Le feuilleton du projet du Parc Agro-industriel de Bukanga-Lonzo initié dans le cadre du programme économique de l’ancien président de la République Joseph Kabila ne fait que commencer et est loin de se terminer.

Lancé en grande pompe en 2014, avec ses 800 kilomètres carrés d’exploitation et l’expertise de fermiers sud-africains, il devait être le fer-de-lance de 22 autres parcs agro-industriels dans le pays axé sur « la révolution de la modernité » mais aujourd’hui en faillite.

Exécuté durant son mandat, Matata Ponyo s’explique qu’en « phase de croissance, le projet pilote Bukanga Lonzo dont les travaux se sont bien exécutés jusqu’à la fin de son mandat en décembre 2016 s’est brusquement arrêté parce qu’aucun payement à son profit n’a été plus effectué à partir de janvier 2017 ».  Ce pic lancé s’adresse ainsi  à ses successeurs à la Primature, en l’occurrence Samy Badibanga Ntita et Bruno Tshibala Nzhenze avant que n’arrive l’actuel gouvernement de Ilunga Ilunkamba.

Plusieurs voix se lèvent pour exiger qu’un audit sérieux y soit entrepris afin d’expliquer cette catastrophe qui a coûté près de 500 millions de dollars au pays, que des personnalités financières et politiques soient entendues et que la justice sanctionne les fautifs.

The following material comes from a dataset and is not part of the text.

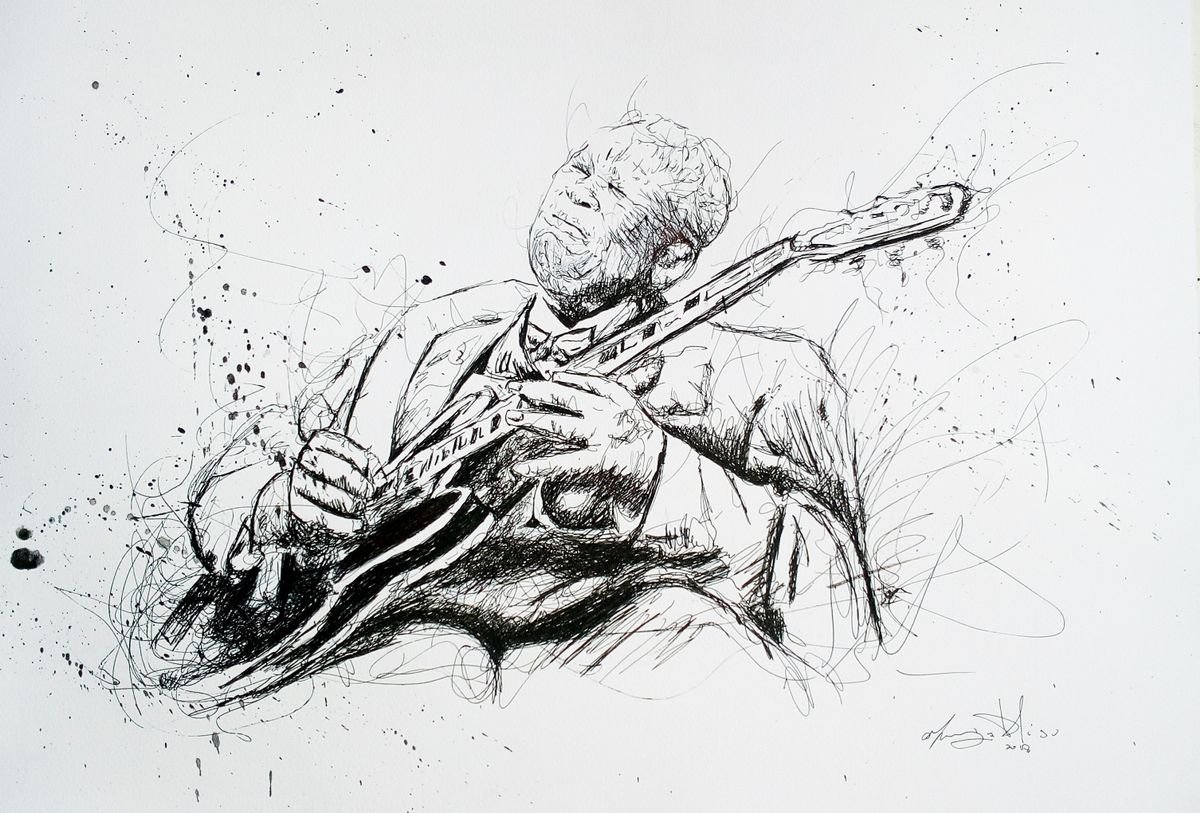 B.B King and Lucille by Maurizio Puglisi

Parmi les noms cités, celui l’ancien premier ministre Matata Ponyo. Sentant peut-être le souffle de la justice dans sa nuque et malgré son immunité de sénateur PPRD, il s’est empressé d’adresser un long courrier dont AFRIWAVE.COM a consulté une copie à l’Inspecteur Général des Finances, Jules Alingete Key comme pour s’expliquer à l’avance.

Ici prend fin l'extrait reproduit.